Millet se sintió arropado por el establishment político catalán con el que se retroalimentaba y que a cambio le consentía un virreinato (el reino era de Pujol), entre los lobys más influyentes del mundo de la cultura y de la economía, pero también en el ámbito de la política.
Mafia de cuello blanco
El sumario del caso Palau demuestra que Millet se comportó como lo hacen los mafiosos. Actuó con clandestinidad, con varias caras, rodeado de adláteres que le tapaban las vergüenzas a cambio del prestigio social que suponía estar al lado del ganador, de quien reparte las entradas para acceder a la fiesta, y a cambio también, naturalmente, de jugosos emolumentos pagados en negro, en la mayoría de casos.
Compró y vendió voluntades y como le vimos hacer a Tony Soprano en la famosa serie televisiva que llevaba por título su apellido y se comportó, con mundana vulgaridad, a priori impropia para un patricio burgués de tal abolengo y poder.
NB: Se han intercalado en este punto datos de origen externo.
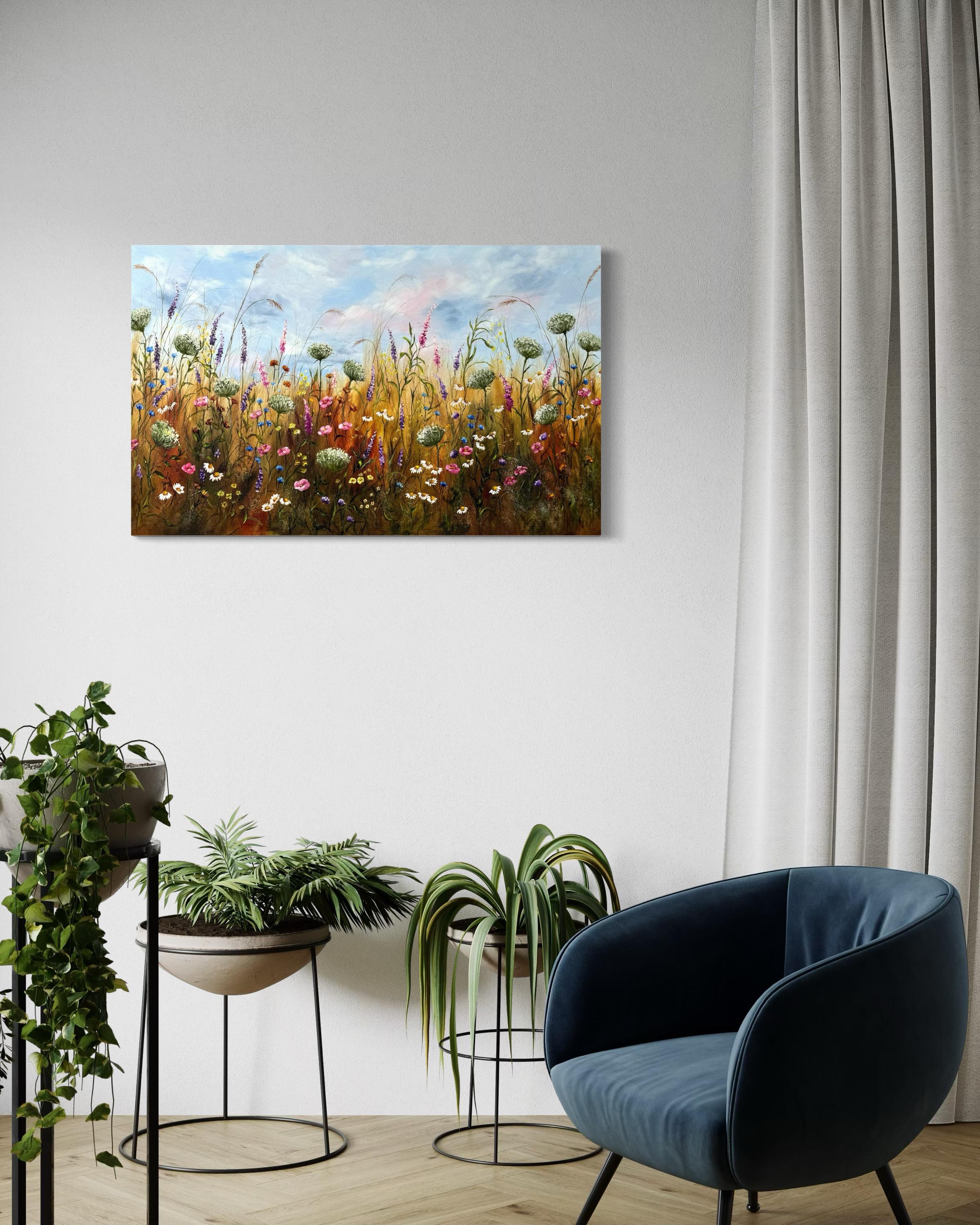 In diesem Gemälde fange ich den zarten Tanz der Wildblumen vor einem heiteren Himmel ein. Mit einer Mischung aus Impressionismus und Realismus erforsche ich in meinen Ölbildern die Ruhe und die subtile Lebendigkeit der Natur. Jeder Strich verkörpert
El sumario nos mostró a un Félix Millet desmaquillado, en paños menores, protagonizando actuaciones delictivas que, al mismos tiempo, rayaban lo esperpéntico y soez: con dinero del Palau se compraba puros habanos, boletos de lotería, el café con leche diario (cargado de café y con la leche tibia), o le enchufaba a la contabilidad del Orfeón la parte del convite de la boda de su hija o las obras en uno de los lavabos de su domicilio particular.
El palco del Palau
Como así insistió la fiscalía durante la vista, Millet no sólo financió a CDC, (y a otra mucha gente) sino que hizo acopio de forma irregular, hasta de la calderilla que ocupaba los bolsillos de sus pantalones.
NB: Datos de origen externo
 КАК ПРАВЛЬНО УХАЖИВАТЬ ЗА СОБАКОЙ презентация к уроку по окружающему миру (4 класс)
Así era Millet, un personaje otrora idolatrado y que durante años tuvo en su mano ni más ni menos que la batuta que permitía colocar en uno u otro asiento del palco de la institución a quien conviniese. En el palco del Palau que dirigía Millet se otorgaban bendiciones y se rifaban puñaladas entre la burguesía catalana a ritmo de aria, vals, sardanas o marchas militares.
Sin remordimiento
A Millet le pillaron con las manos y los pies en la masa. Sin escapatoria. Sólo pudo hacer una cosa, reconocer su culpabilidad: había desviado para su beneficio y el de CDC, millones de euros de la contabilidad del Palau. Lo hizo, pero ni ahora ni entonces cuando su mito empezó a volar por los aires, nunca agachó la cabeza salvo para mirar qué cigarrillo extraía de la cajetilla antes llevárselo a la boca.
No se inmutó cuando el populacho con el que jamás se mezcló le increpaba a la entrada o salida de los juzgados. Ni siquiera cuando salió de la cárcel de Brians pocos días después de que una joven juez le hubiera metido entre rejas de forma preventiva por la controvertida operación de la venta del Hotel del Palau.
Que me quiten lo bailao
Millet ni se inmutó, ni se inmuta. Fuma, mira a su alrededor con vehemencia y con una aparente despreocupación, como si la condena que ha recibido, anunciada a gritos, fuera un curioso (quizá paradójico) colofón a una vida en la que ha hecho lo que le ha dado la gana, cuando le ha venido en gana sin otra obsesión que no fuera la de amasar dinero y la de vender los boletos de un sorteo (siempre amañado) cuyo premio era un trocito de prestigio social.
Millet, como Pujol, ha perdido el prestigio y, por supuesto, su capacidad de otorgarlo. “Que me quieten lo bailao” parece desprenderse de su mirada.
Le espera la cárcel, donde tendrá tiempo de escribir sus memorias, un burgués que se ha reído a carcajadas de esta sociedad y a quien le importa un bledo cómo se le recuerde. El factótum del Palau, una de las personas más influyentes del país durante décadas, nunca ha dado muestras de decaimiento a pesar del descrédito.